|Brown, Sally - U WASHINGTON SEATTLE|
|Sprenger, Mark - US-EPA; EDISON, NJ|
|Compton, Harry - US-EPA; EDISON, NJ|
Submitted to: Biocycle
Publication Type: Popular Publication
Publication Acceptance Date: June 1, 2002
Publication Date: June 15, 2002
Interpretive Summary: At many historic lead-zinc mines and smelters, soils were contaminated and killed all vegetation. Our research team developed a method to revegetate such toxic soils using biosolids and alkaline by-products which has repeatedly been shown to achieve effective, diverse and persistent vegetation on sites which had been barren for decades. We undertook a literature review and risk assessment for wildlife which could consume the plant materials, live in the soils, or ingest soil either inadvertently or within soil macrofauna such as earthworms living on a site. If effective diverse vegetation is established on such a contaminated site, the soil contaminants are no longer present at phytotoxic levels in the plants. Further, for normal geogenic Cd+Zn contamination, Zn in plants prevents risks to herbivores from Cd in soil or plants by inhibiting availability to plants, and bioavailability of plant Cd to plant consumers. Pb uptake by plants is very limited because phosphate was added to hasten formation of insoluble Pb compounds. Thus risks thru soil ingestion are the most limiting for assessment of soil metal risks at remediated sites. Pb risks are reduced by formation of chloropyromorphite, a very insoluble Pb compound with phosphate which is formed in the remediated soil. Effective plant cover also limits soil ingestion by wildlife. Soil Cd risk is greatest to small mammals such as shrews which ingest earthworms; earthworms bioaccumulate soil Cd, and contain about 40% soil on a dry matter basis when ingested. Fe and Mn oxides in the amendments reduce Cd accumulation in earthworms and by small mammals which ingest earthworms. We conclude that remediated sites offer very low risk to attracted wildlife.

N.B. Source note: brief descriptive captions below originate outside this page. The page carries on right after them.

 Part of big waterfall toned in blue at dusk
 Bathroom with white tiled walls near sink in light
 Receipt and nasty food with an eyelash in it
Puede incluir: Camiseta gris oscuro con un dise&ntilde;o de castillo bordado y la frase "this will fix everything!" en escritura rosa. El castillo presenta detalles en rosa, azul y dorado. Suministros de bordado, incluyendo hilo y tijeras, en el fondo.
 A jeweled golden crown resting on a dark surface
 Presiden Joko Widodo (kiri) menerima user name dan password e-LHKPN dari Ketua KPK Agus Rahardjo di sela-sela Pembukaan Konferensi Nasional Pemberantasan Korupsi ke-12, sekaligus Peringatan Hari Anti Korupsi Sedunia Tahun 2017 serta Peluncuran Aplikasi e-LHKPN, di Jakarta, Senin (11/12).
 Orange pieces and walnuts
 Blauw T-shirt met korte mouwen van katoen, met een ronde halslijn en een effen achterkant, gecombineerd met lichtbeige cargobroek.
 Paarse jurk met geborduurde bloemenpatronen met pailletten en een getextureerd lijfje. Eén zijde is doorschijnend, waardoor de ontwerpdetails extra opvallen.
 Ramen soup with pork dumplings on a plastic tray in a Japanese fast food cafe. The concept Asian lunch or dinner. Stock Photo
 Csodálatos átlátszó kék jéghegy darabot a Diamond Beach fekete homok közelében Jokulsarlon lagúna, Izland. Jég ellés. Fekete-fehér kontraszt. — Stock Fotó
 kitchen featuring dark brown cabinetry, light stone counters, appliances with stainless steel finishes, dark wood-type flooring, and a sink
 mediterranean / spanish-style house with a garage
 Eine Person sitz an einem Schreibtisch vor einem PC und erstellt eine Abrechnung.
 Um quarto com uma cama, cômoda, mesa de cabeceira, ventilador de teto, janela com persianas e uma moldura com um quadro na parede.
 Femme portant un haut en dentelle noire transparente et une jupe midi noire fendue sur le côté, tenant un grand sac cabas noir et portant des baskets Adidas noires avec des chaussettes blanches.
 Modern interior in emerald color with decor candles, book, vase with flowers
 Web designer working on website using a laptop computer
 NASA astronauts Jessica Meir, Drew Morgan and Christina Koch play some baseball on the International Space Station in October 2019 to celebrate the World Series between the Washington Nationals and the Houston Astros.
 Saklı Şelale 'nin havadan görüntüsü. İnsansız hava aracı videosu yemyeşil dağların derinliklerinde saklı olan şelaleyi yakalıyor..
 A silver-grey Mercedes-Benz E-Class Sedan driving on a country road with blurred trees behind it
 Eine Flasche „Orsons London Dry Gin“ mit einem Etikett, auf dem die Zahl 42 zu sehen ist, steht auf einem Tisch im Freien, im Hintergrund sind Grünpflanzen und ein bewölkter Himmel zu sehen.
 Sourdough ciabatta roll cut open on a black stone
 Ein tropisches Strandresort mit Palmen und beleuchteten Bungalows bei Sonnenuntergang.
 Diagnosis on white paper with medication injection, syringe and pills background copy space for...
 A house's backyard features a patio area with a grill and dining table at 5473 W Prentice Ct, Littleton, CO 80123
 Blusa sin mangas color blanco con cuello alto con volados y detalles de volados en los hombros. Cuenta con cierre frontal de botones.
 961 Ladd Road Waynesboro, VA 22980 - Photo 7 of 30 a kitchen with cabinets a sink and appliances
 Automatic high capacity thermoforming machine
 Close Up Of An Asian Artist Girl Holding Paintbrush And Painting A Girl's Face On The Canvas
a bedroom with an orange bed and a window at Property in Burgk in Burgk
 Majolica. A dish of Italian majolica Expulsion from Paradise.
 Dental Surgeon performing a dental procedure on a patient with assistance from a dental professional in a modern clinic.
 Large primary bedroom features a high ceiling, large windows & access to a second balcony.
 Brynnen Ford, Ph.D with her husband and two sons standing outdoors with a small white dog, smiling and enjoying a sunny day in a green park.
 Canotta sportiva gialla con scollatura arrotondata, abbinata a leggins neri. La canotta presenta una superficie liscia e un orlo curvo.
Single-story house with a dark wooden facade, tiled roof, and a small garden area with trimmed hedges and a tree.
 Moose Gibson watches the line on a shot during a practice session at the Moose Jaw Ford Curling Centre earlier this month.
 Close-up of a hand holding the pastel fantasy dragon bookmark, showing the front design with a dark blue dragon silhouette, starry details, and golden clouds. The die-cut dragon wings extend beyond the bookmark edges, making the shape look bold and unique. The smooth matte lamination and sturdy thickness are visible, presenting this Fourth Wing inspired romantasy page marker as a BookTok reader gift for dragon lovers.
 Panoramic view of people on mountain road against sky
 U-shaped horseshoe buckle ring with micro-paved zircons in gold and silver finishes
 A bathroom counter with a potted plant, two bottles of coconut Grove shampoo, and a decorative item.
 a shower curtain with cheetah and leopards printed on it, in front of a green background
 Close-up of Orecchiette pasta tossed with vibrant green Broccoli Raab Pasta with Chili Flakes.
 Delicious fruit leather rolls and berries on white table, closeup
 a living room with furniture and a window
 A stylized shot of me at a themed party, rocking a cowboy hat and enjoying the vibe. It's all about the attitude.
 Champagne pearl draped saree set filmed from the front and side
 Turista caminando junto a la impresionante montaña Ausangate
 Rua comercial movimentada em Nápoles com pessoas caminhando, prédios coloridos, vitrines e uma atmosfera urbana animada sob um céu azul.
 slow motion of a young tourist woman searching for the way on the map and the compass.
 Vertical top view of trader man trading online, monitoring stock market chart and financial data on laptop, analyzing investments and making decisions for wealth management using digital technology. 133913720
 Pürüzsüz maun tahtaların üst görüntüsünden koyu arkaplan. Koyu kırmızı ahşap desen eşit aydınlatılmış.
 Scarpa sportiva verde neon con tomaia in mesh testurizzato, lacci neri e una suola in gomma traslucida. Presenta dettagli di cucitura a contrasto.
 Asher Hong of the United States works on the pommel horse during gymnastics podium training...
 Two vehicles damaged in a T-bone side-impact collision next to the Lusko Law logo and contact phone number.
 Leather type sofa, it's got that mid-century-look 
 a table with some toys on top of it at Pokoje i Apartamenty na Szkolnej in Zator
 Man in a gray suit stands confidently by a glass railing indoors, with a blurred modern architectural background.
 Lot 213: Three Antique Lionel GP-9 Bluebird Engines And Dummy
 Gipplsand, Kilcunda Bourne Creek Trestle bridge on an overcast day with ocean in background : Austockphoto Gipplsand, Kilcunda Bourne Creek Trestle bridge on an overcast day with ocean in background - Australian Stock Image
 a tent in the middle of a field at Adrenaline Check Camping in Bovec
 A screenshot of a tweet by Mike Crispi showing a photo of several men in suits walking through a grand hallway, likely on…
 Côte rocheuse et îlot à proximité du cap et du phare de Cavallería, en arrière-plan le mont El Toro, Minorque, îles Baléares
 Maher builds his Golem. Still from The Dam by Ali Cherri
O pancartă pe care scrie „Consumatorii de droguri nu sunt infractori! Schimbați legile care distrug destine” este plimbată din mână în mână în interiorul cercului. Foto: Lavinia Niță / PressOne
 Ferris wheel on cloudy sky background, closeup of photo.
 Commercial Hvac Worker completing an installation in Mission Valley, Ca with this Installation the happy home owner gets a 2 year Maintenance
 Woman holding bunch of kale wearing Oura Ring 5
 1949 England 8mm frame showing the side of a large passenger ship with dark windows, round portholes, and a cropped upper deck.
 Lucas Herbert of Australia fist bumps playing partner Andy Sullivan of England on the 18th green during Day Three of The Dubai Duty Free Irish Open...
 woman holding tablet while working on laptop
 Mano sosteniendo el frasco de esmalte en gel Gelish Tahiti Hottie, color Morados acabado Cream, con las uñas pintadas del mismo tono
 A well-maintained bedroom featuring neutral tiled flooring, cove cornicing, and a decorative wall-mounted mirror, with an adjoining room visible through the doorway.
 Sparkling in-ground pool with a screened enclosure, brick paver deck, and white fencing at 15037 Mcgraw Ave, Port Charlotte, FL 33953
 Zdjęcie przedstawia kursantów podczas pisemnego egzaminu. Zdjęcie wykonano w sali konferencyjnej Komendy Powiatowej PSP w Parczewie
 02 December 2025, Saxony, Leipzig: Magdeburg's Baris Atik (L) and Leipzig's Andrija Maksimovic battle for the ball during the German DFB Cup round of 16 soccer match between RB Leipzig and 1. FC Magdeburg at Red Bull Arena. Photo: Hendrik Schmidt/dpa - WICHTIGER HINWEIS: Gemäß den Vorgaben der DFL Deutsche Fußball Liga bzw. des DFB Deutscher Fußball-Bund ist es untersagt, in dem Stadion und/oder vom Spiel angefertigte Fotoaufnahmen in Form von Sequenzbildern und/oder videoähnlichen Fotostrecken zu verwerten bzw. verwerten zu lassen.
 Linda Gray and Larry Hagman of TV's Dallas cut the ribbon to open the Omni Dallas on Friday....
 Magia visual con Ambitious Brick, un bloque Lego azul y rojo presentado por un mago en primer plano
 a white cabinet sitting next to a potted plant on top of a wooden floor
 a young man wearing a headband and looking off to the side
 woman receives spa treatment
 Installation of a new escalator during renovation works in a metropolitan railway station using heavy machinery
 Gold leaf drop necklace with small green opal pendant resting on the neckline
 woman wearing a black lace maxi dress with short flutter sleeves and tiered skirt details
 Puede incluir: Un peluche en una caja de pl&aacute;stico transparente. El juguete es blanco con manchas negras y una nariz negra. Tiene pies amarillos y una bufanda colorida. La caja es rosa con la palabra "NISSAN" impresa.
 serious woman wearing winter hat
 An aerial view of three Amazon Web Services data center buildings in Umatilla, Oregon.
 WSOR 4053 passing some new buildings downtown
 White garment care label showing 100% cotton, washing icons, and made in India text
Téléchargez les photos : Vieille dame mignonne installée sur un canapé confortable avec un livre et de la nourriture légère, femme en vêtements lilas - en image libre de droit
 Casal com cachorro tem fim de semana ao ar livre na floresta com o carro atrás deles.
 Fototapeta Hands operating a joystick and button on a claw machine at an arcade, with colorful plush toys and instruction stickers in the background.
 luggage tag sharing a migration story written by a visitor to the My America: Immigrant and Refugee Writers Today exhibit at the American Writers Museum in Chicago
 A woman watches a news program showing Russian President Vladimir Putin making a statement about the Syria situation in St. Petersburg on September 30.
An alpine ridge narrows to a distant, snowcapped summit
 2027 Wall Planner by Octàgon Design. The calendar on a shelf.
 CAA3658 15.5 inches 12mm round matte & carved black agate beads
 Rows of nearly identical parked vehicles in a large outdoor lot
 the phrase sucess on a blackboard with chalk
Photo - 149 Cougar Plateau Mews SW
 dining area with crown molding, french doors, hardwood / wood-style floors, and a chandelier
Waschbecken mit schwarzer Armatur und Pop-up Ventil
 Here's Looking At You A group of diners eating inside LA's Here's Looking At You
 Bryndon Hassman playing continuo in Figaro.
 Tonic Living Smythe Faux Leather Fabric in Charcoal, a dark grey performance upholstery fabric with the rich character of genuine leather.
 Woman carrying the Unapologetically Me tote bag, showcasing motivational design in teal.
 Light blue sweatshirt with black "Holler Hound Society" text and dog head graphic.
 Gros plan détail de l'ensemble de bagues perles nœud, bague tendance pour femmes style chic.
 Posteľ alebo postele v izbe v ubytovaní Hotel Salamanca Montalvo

Technical Abstract: Historic Zn-Pb-Ag mine and smelter sites are often severely metal contaminated barren. Our team has demonstrated that such Superfund sites can be revegetated using a combination of organic matter and alkaline byproduct. The supply of organic-N, phosphate, alkalinity, organic matter, and soil microbes can cause inactivation of the metals present and make the soil calcareous so it will persistently limit metal solubility. Using this approach, diverse plant species can thrive on the remediated soils to prevent erosion, including legumes which can provide N for a sustainable vegetation. This paper reports a risk assessment for potential adverse effects of the remediated metal contaminated soil materials. Metal levels in the vegetation are within normal concentrations for lifetime ingestion by livestock and wildlife. Zn is usually 100 or more times higher than Cd in these sites; so plant Cd is limited to low levels in plants; further Zn reduces bioavailability of plant Cd. Thus herbivore pathways comprise no risk to wildlife. The second major Pathway for risk is soil ingestion; soil ingestion is greatest by small mammals and birds which consume soil macrofauna such as earthworms. Results from remediated contaminated soils indicate that soil metal bioaccumulation does not comprise Cd risk to earthworm consumers unless soil Cd is extreme; in such cases, inclusion of Mn and Fe oxides in the amendments can increase metal adsorption by the amended soil, which reduces Cd absorption by earthworms and consumers of earthworms. These results indicate that surface application of biosolids plus alkaline byproducts is sufficient to restore vegetative cover to metal mine wastes making them safe for use as wildlife habitat.